Except for slight additions, the deal was similar to the one agreed to last September and which collapsed as soon as it was signed. On this occasion, it was agreed that there would be a ceasefire and heavy weapons would be withdrawn from the frontlines of the conflict, which has killed at least 5,300 people in almost one year.

Ukraine will take control of some 400-kilometre stretch of Russia’s border with rebel-held Ukraine, but only after local elections are held. Not one of the attendees as well as the Americans who watched from afar had much hope that the Russians would trouble themselves to ensure that the agreement worked; so before they left the venue, Hollande and Merkel had begun to issue threats of more sanctions to Russia.

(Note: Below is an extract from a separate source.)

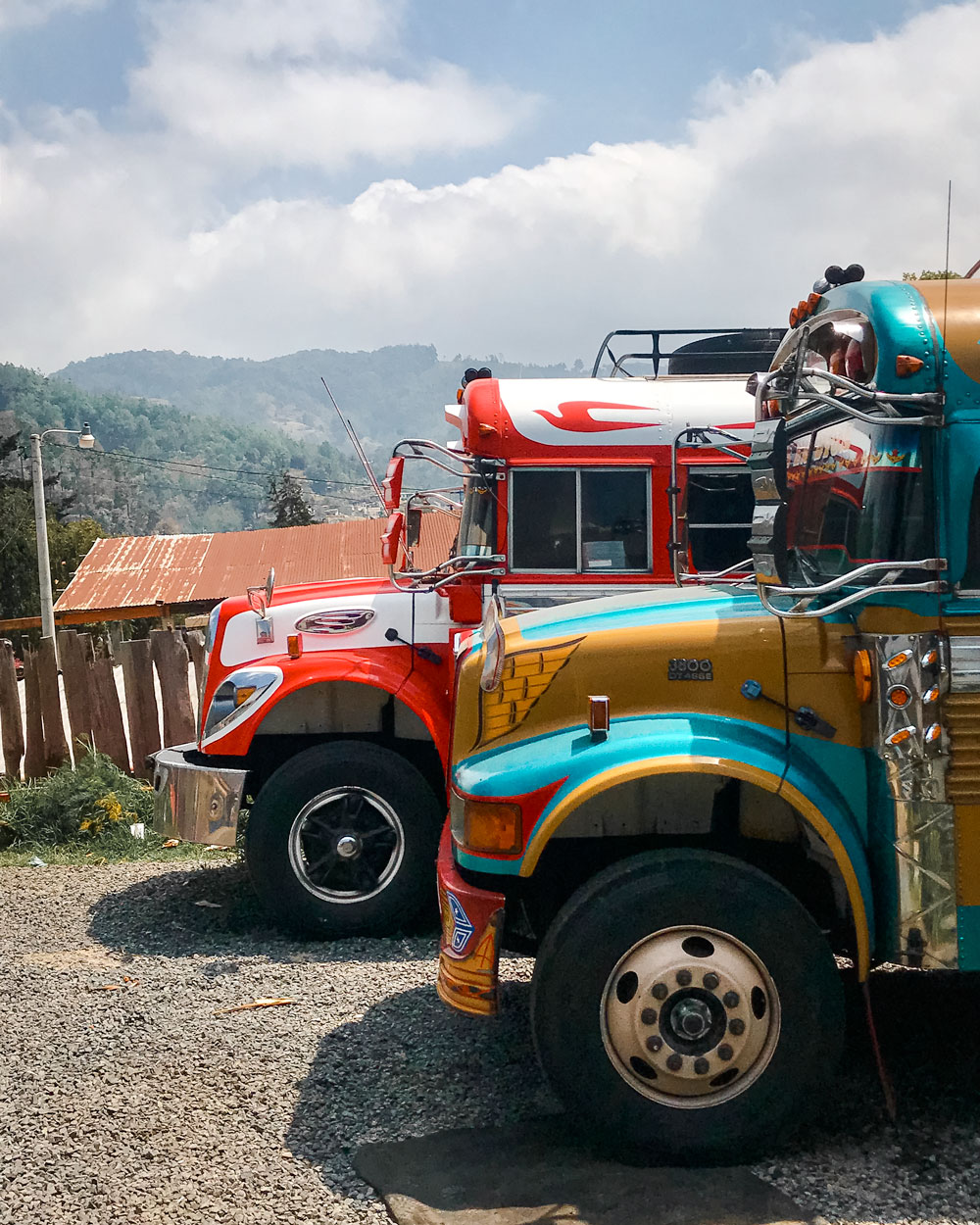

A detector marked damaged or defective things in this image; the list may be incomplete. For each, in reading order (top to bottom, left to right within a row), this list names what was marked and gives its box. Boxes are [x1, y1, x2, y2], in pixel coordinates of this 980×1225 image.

Yet no matter how things turn out, no one would say Europe’s twins didn’t try. What made them do what they did, and their efforts to continue to find diplomatic solution to conflict is a permanent feature of international relations. Without meaning to be pessimistic, what France and Germany did will be repeated in another form in another place tomorrow.

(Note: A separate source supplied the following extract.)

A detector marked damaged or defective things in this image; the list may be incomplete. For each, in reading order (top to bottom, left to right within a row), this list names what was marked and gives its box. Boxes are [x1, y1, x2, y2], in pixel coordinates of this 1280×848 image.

At the moment, how these countries adapt to changing circumstances in order to confront emerging challenges is the more important point; it’s the point that leads back to the efforts being made by Africa’s quadruplets.

It’s worth noting that Chambas’ visit to Abuja happened as Nigeria, Chad, Niger and Cameroon sat to arrange how a regional force could be utilised to combat the Boko Haram insurgency.

The four had since agreed to fight under the umbrella of the countries that belong to the Lake Chad Development Commission. That’s an adaptation of an institution set up for other purposes to meet new challenges, and it’s important if it’s considered that it’s under the watch of this same body that Lake Chad lost more than 60 per cent of its size.

Now threats to their individual peace by Boko Haram insurgents who have divided that region into their own emirates that cut across international boundaries have got the concerned countries to sit up.

This writer argues here that while the circumstance is not the best, countries concerned are kept on their toes because a new challenge forces them to be. Just as a challenge got France and Germany to speak up where only the US used to have a voice, it may be that the current challenge will keep Africa’s quadruplets working together for some time.

It may also be that it will make them extend the new partnership into working out how Lake Chad can be used to improve the economic condition of the people in that region and thus undo a few of the factors that have made Boko Haram attractive to its recruits.